The auspicious career of Warnock and other brilliant University of Utah alumni who changed the world through computer science was in high relief last year when a sampling of the scrappy and now legendary bunch assembled on campus to commemorate their roles as 3-D graphics pioneers. The occasion was a celebration of 50 years of the U’s Kahlert School of Computing, and Warnock was presented with an IEEE Milestone award.

But before he was known as the co-founder with the late Charles Geschke of Adobe, Warnock was propelled by his high school teacher into the U’s math department. There Warnock earned a BS and MS in mathematics before decamping to the College of Engineering where he earned a PhD in electrical engineering/ computer science. It was an exciting time. The U was one of 15 renowned universities that had a contract with the Advanced Research Projects Agency, prompted by the worrisome launch of the Russian Sputnik satellite during the Eisenhower era. A node on the original internet known as ARAPNET, the U was the first university to offer online registration to its students, and Warnock, as part of his dissertation research was busy at work, just days (and long nights), ahead of when the portal dropped, having developed the recursive subdivision algorithm for hidden surface elimination that made computer graphics possible and that would eventually carry his name.

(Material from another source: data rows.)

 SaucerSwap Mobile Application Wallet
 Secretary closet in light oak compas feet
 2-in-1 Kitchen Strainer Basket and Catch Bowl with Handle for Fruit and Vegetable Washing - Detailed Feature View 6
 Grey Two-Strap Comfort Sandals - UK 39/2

Twenty-five years post Sputnik, Adobe launched which, inarguably, lofted desktop publishing into the stratosphere with its soon-to-launch PostScript language. The information technology sector has never been the same since, epitomized by Warnock’s appeal to the U students during the 2020 commencement: "The rest of your life is not a spectator sport. Your job in life is to be an active player, to make the world a better place.”

Warnock is survived by his wife and three children. <

The Warnock Chair, endowed in 2001 by John and Marva Warnock, supports early career faculty in mathematics, attracting outstanding talent and enhancing departmental excellence. It is hard to overstate the impact that this has had, and will continue to have, on the growth and excellence of the Department.